There is one fuzzer instance per target process. This enables synchronous execution of programs and thereby simplifies the implementation of various algorithms such as consecutive mutations and minimization. Moreover, it avoids the need to implement thread-safe access to internal state, e.g. the corpus. Each fuzzer instance has its own dedicated DispatchQueue, conceptually corresponding to a single thread. Every interaction with a fuzzer instance must then happen on the instance’s DispatchQueue. This guarantees thread-safety as the queue is serial.

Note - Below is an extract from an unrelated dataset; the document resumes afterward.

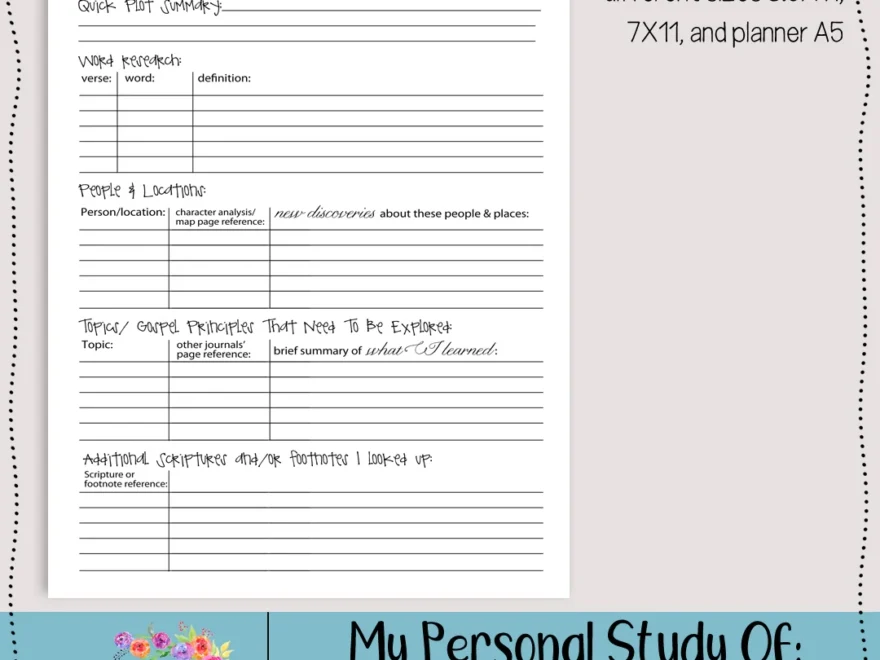 My Personal Study Page Worthy Written Words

To scale, fuzzer instances can become workers, in which case they report newly found interesting samples and crashes to a master instance. In turn, the master instances also synchronize their corpus with the workers. Communication between masters and workers can happen in different ways, each implemented as a module:
- Inter-thread communication: synchronize instances in the same process by enqueuing tasks to the other fuzzer’s DispatchQueue.
- Inter-process communication (TODO): synchronize instances over an IPC channel.
- Inter-machine communication: synchronize instances over a simple TCP-based protocol.
This design allows the fuzzer to scale to many cores on a single machine as well as to many different machines. As one master instance can quickly become overloaded if too many workers send programs to it, it is also possible to configure multiple tiers of master instances, e.g. one master instance, 16 intermediate masters connected to the master, and 256 workers connected to the intermediate masters.
Further resources about this fuzzer:
- A presentation about Fuzzilli given at Offensive Con 2019.
- The master's thesis for which the initial implementation was done.
This is not an officially supported Google product.